Enough or not?
Do you ever scroll through Instagram, Facebook, any form of social media and doubt if you’re doing enough in life? Wonder if you are failing and not doing enough? Ok, be honest, if not with me then to yourself. I’ve been there before, mindlessly scrolling through Instagram thinking I’m not where I should be, or that I have failed in my job or that I am not lean enough or just a dam loser. This was down to seeing what other people post about their accomplishment and outcome. What I found to realise and understand was that all we see is the outcome, the cooked curry without the preparation, the chopped ingredients, the added spices and so on.
Why is it that we so easily look at others and deem what we have done or where we are as not good enough? Why is where we are not good enough for so many? I did a little post on this too on Instagram – check it out https://www.instagram.com/p/Cfns-WjBVN8/?utm_source=ig_web_copy_link
Been there, done that
Having done so much of that throughout my twenties and early thirties, I’d go in directions that I didn’t want to go down. I would take job roles that eventually would bore me and roles that I would do well at but without the inner fulfilment. What I would get out of it was external validation, status, money, compliments, recognition etc. This used to make me feel great, I would believe I am doing a great job, and mostly, I was, but I would continue and continuously feel I wasn’t. This was not all down to external factors however; I have since a very young age had something within telling me I need to do more and that I cannot rest on my successes. Is there more to this we could dissect, yes, highly likely but we will leave that for another day. Highly likely it’s because I’ve had to stand up tall from a young age, crack on with things and be ready for the next challenge or opportunity when it presents itself. Check out a previous blog i wrote about cracking on Believing the hype – Cracking on!

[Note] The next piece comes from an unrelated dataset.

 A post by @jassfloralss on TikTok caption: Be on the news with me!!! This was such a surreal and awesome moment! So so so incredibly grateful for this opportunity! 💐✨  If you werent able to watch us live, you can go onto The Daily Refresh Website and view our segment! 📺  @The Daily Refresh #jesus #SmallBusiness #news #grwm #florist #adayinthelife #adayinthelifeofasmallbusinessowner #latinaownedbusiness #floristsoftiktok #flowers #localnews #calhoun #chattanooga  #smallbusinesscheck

It was only when I started accepting where I was and what I had achieved, made me realise I didn’t need to compare myself to others’ success. This does change though when you look at others for inspirations and in a mentor capacity. Nothing wrong with that, I’ve done it my entire career. As long as it’s not compromising your awareness of what you are actually doing and what you want but also not burning yourself out mentally and physically
Taking a pause and reflecting on where I have come from allowed me to slow down, to debrief my achievements and be real with myself, but also plan my next steps. I stopped caring what people were doing on social media; I stopped caring how others looked compared to how I looked. Ultimately, the ingredients we all put / are given into the life we have, are different, our upbringing, our challenges through life, trauma etc so how we come out will always vary.
Quick take away; stop worrying what others are doing and how others look. You are unique in every way. You have your own past and what you don’t see is what others have been through to reach the outcome that you see on social media. There will be inevitable hard work majority of the time, there is no shortcut. Keep taking those daily steps and you’ll be that little bit closer. Do have a self-debrief from time to time and reflect.